▸ **Work request**:
Your copy should repeat each record below exactly and contain no images.

▸ **Raw data**:
☆ ☆ ☆ ☆

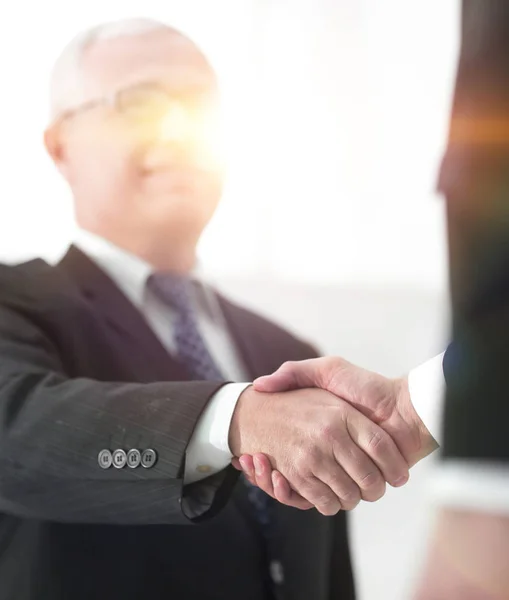 Close-up de um negócio handshake parceiros. a imagem está turva . — Fotografia de Stock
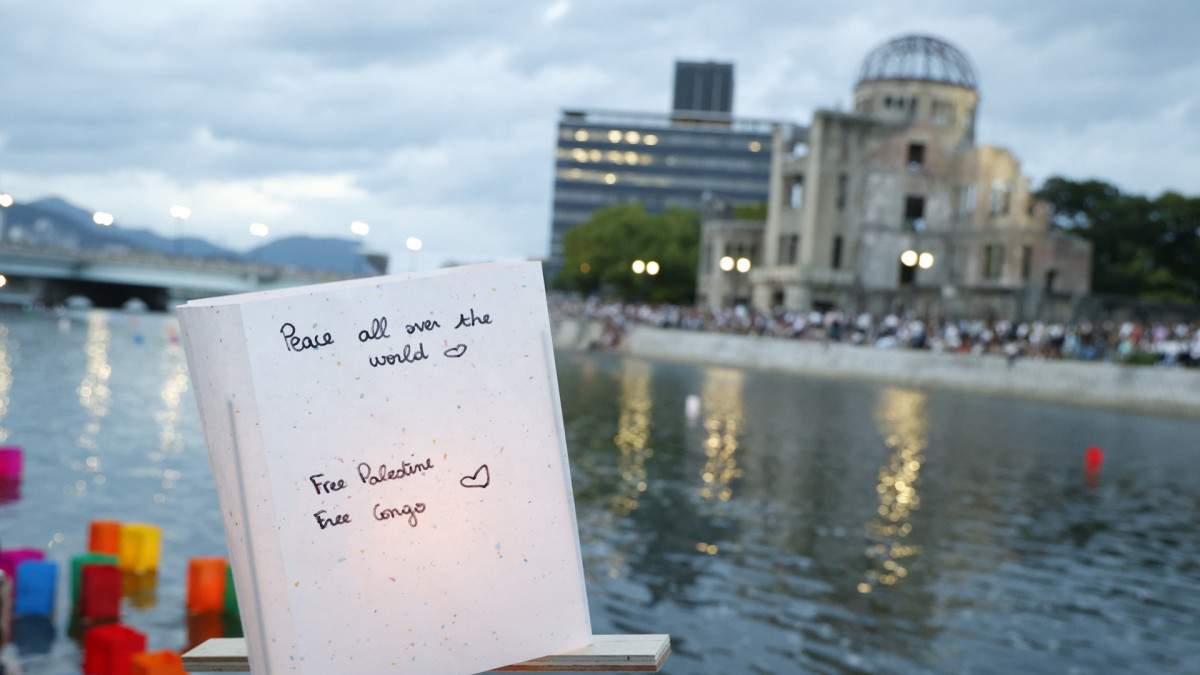 En el aniversario la gente coloca faroles de papel deseando la paz en el mundo en el río Motoyasu, cerca del Monumento de la Paz de Hiroshima. 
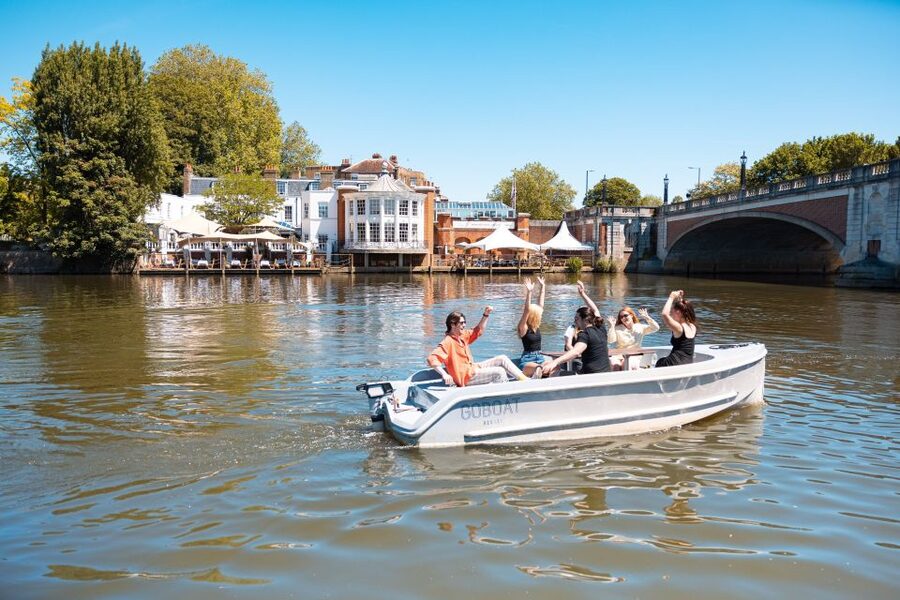 London: GoBoat Rental in Kingston upon Thames - Your first minutes on the Thames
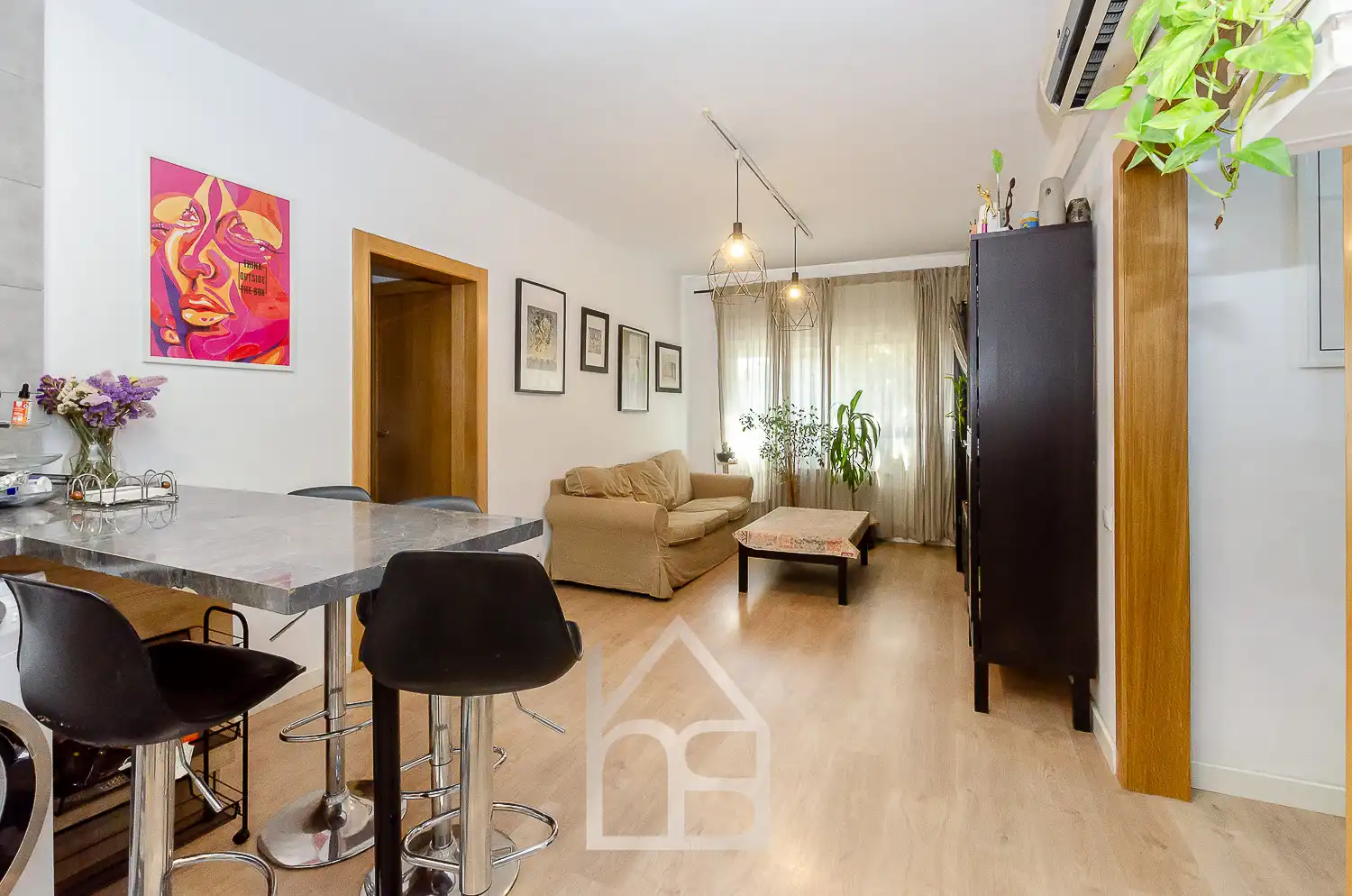 Living room of Flat for sale in Cornellà de Llobregat  with Air Conditioner, Heating and Parquet flooring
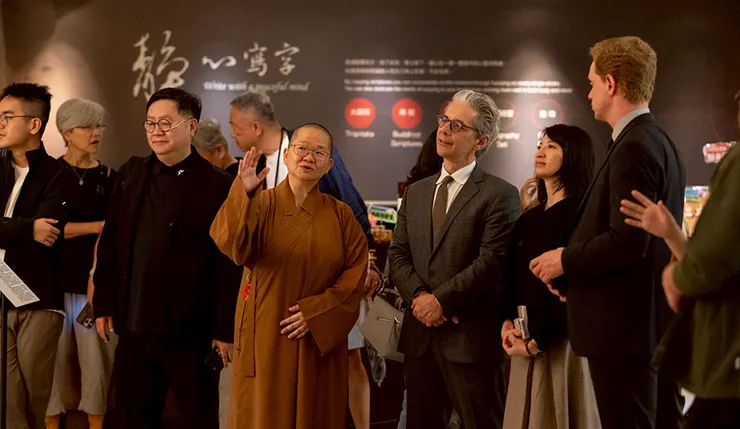 佛館館長如常法師為蔡斯・羅賓遜館長介紹麥積山石窟藝術展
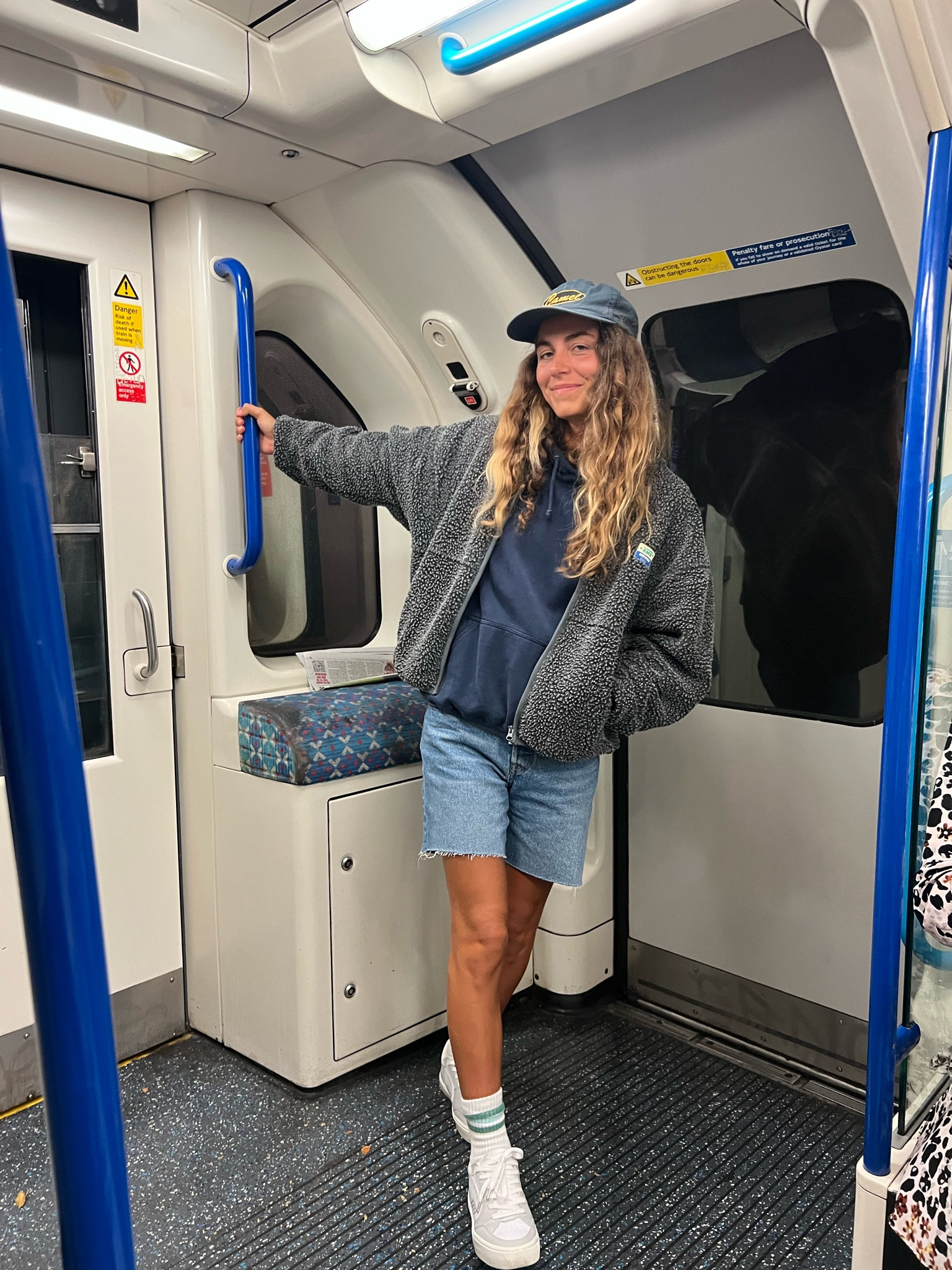 landed in London ✈️

#LTKTravel #LTKSeasonal #LTKFindsUnder100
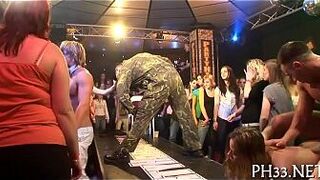 Бесплатный хардкор групповой секс - порно видео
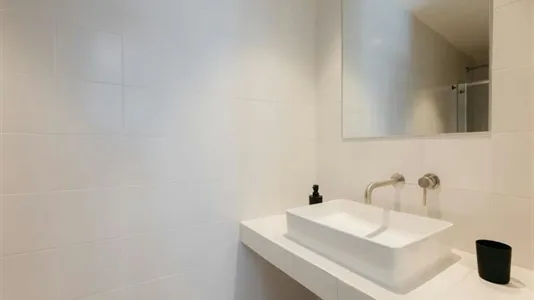 Rooms in Alfara del Patriarca - photo 7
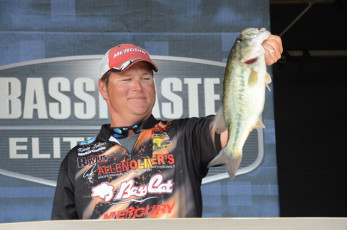 9DD1FEA4-0EB8-412B-864F-48863ED9D790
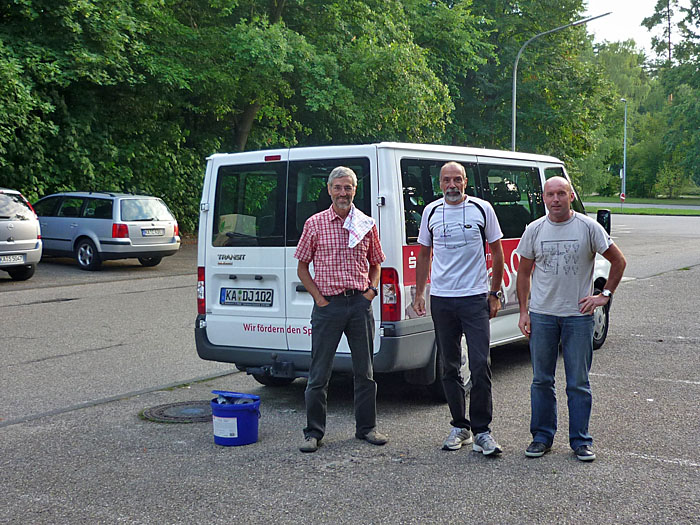 Ankunft in KA, jetzt m&uuml;ssen wir noch das Auto putzen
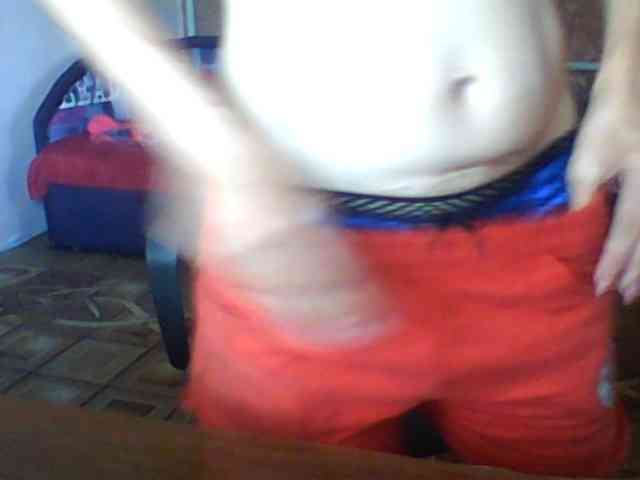 BabyLove4432 webcam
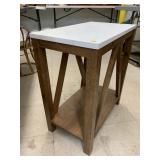 End table, approx 22in x 13in x H 25in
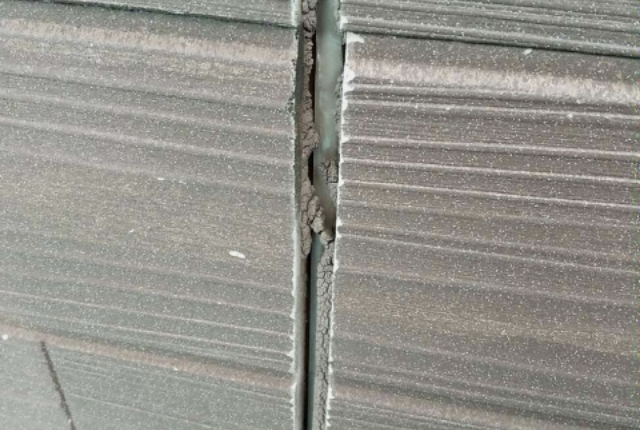 シーリングの目地からの剥離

☆ ☆ ☆ ☆

▸ **Task output**:
 Close-up de um negócio handshake parceiros. a imagem está turva . — Fotografia de Stock
 En el aniversario la gente coloca faroles de papel deseando la paz en el mundo en el río Motoyasu, cerca del Monumento de la Paz de Hiroshima. 
 London: GoBoat Rental in Kingston upon Thames - Your first minutes on the Thames
 Living room of Flat for sale in Cornellà de Llobregat  with Air Conditioner, Heating and Parquet flooring
 佛館館長如常法師為蔡斯・羅賓遜館長介紹麥積山石窟藝術展
 landed in London ✈️

#LTKTravel #LTKSeasonal #LTKFindsUnder100
 Бесплатный хардкор групповой секс - порно видео
 Rooms in Alfara del Patriarca - photo 7
 9DD1FEA4-0EB8-412B-864F-48863ED9D790
 Ankunft in KA, jetzt m&uuml;ssen wir noch das Auto putzen
 BabyLove4432 webcam
 End table, approx 22in x 13in x H 25in
 シーリングの目地からの剥離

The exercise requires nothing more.